Examples are few. Mike Tomlin of the Pittsburgh Steelers comes to mind. It's not broke, don't fix it, just find a few ways to make it a little bit better and you can win a Super Bowl.

In football building on success gives a coach his "props," or proper respect. In Mark Twain's Tom Sawyer it's referred to as one's "due and proper."

In the world of open source Jim Whitehurst is a like Tomlin. Critics called Tomlin too young. They called Whitehurst "the airline guy" when he joined Red Hat from Delta Air Lines in 2008.

As with the Steelers Red Hat wasn't broke when Whitehurst came in, and they're just keeping on. The had another good quarter, the stock has more than doubled in value this year, and the market cap is now over $5 billion.

Whitehurst has done this with the business equivalent of blocking and tackling. Red Hat has no trick plays, no wildcat offense. For the fifth time (in six years) it topped all software vendors in CIO's annual survey. That's a bit like winning the Super Bowl, isn't it?

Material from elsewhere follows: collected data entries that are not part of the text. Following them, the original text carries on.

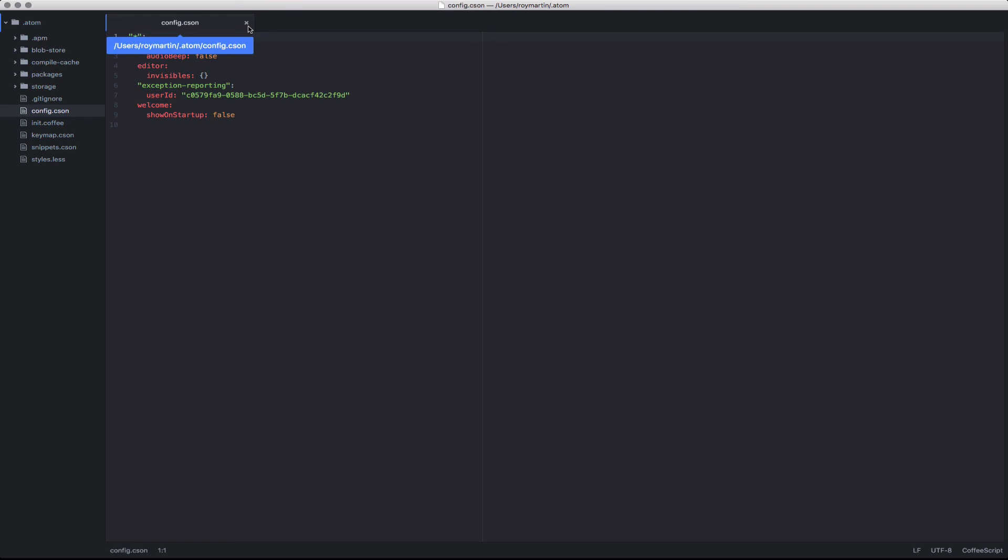Atom is a very modular editor and has actually moved all of those settings into core packages that come with Atom. We'll dive into that a little bit further in a future video to show how you can further set these up for language-specific files as well as the overarching settings within Atom.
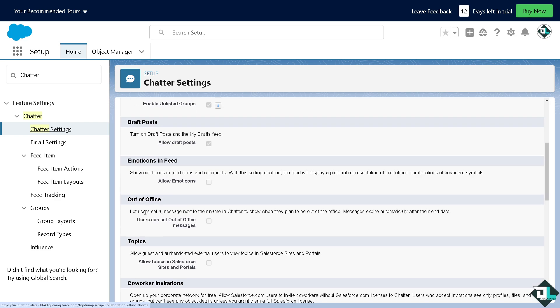You can let users set a message next to their name in Chatter to show when they plan to be out of the office, and messages expire automatically after their end date.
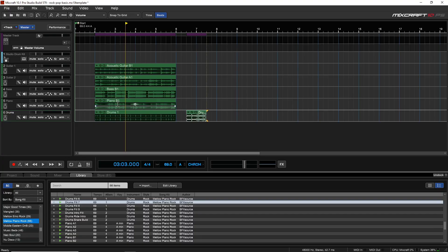As your songs start to come together, you're going to want to control the volume, the panning, and maybe do some automation — which is what we're going to look at in the next video.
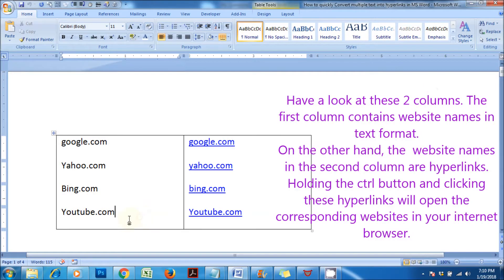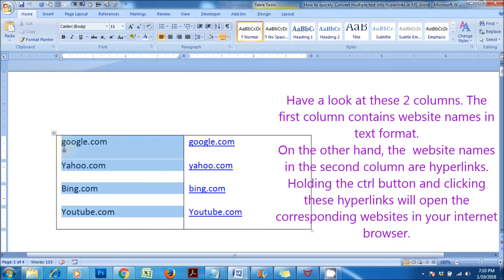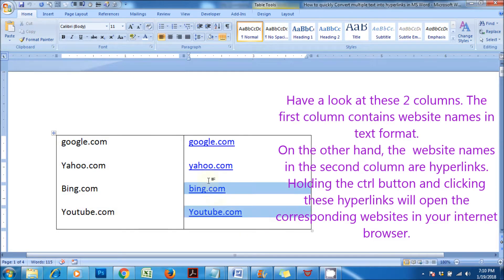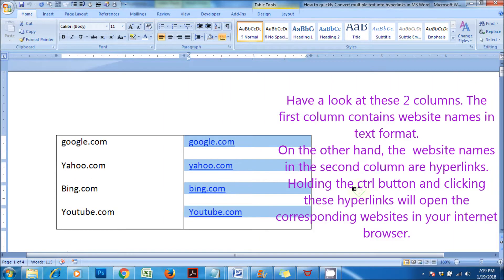Have a look at these two columns. The first column contains website names in text format. On the other hand, the website names in the second column are hyperlinks. Holding the control button and clicking these hyperlinks will open the corresponding websites in your internet browser.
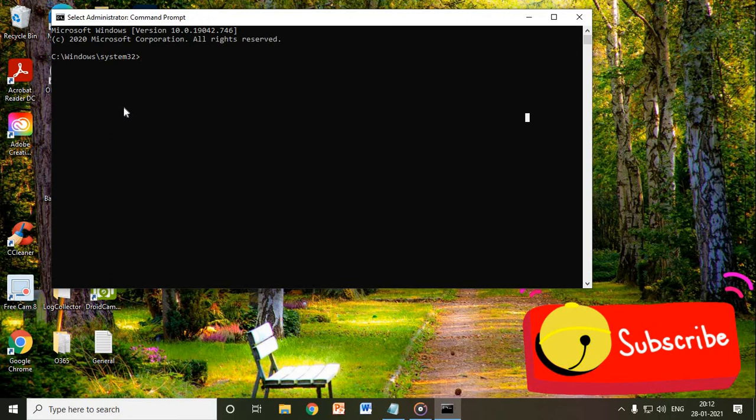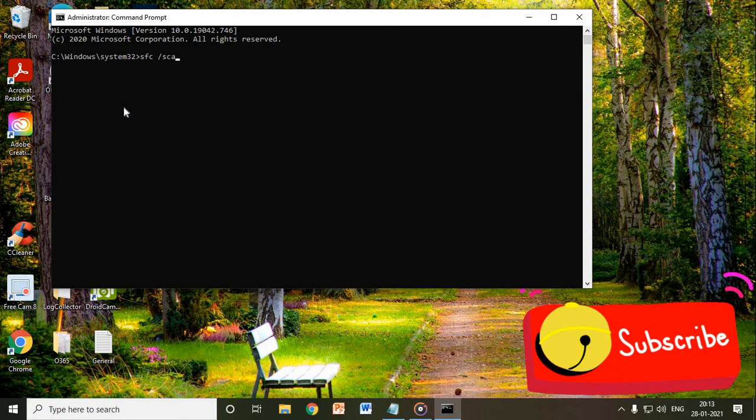So you just need to type here: S as in Sierra, F as in Foxtrot, C, and then /SCANNOW. That's the SFC /SCANNOW command. Now once you hit enter, it will begin the system scan.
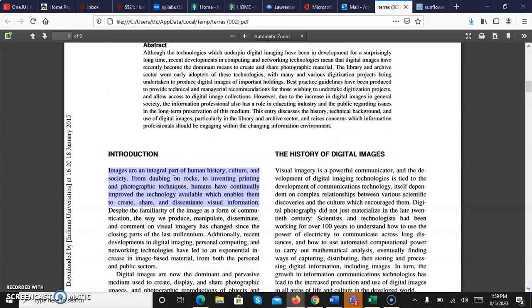From dabbing on rocks to inventing printing and photographic techniques, humans have continually improved the technology available, which enables them to create, share, and disseminate visual information. In other words, pairing an image with text is an easy way to make any message more understandable and more powerful while making a visual and text connection.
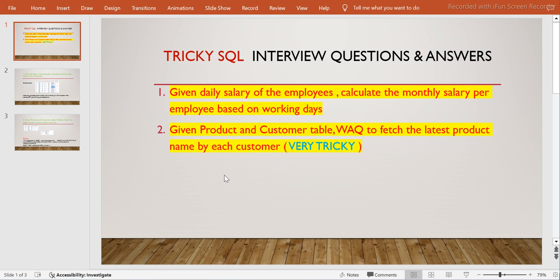The second question is: given a product and customer table, write a query to fetch the latest product name by each customer. I think this is very tricky - personally I feel this is very tricky, do let me know if you feel it's easy. These are very important queries and you will use key concepts here.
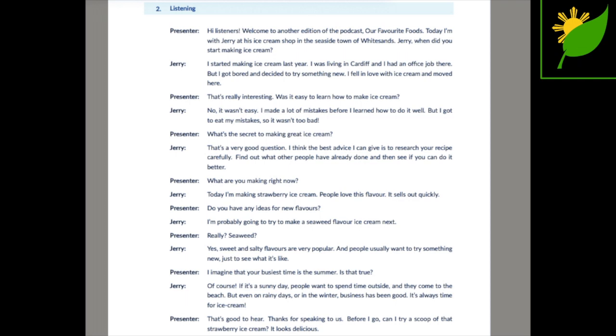What's the secret to making great ice cream? That's a very good question. I think the best advice I can give is to research your recipe carefully. Find out what other people have already done and then see if you can do it better.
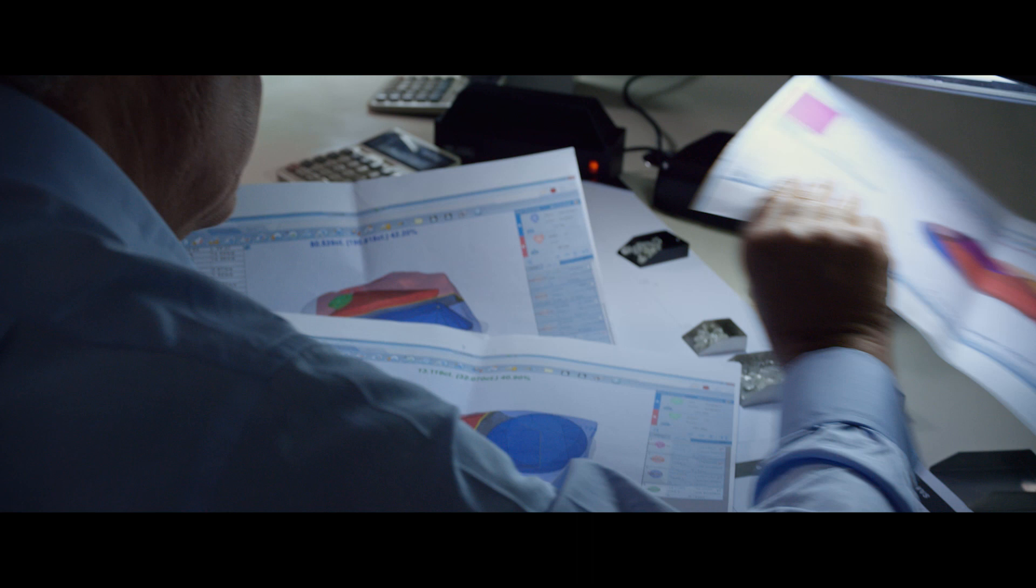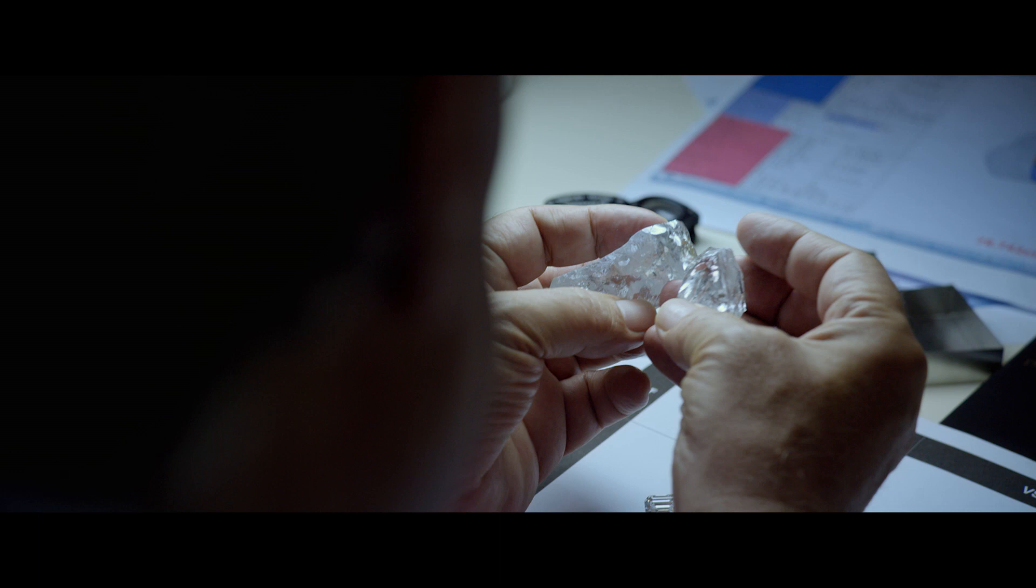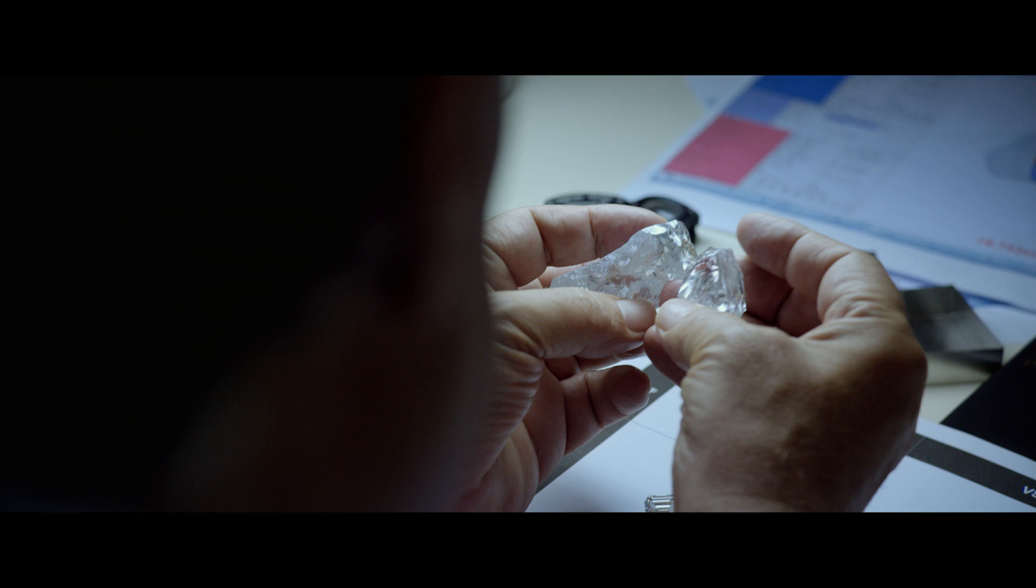Once it will be cut, it will be 150 carats, which we can consider one of the biggest, flawless, clean, beautiful, colorless diamonds in the world.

I'm sure Whitehurst was asked, at his recent keynote to a business leadership conference named in part for Duke basketball Coach Mike Krzyzewski, "how do you do it? How do you get people to pay you for something they can get for free?"

The answer was probably the same as it is for every other successful open source vendor. You help people make the code work and get value from it. Free code is just code. Supported code is a business result. Red Hat is results oriented.

The bottom line doesn't lie folks. Use this thread to give the man his due and proper.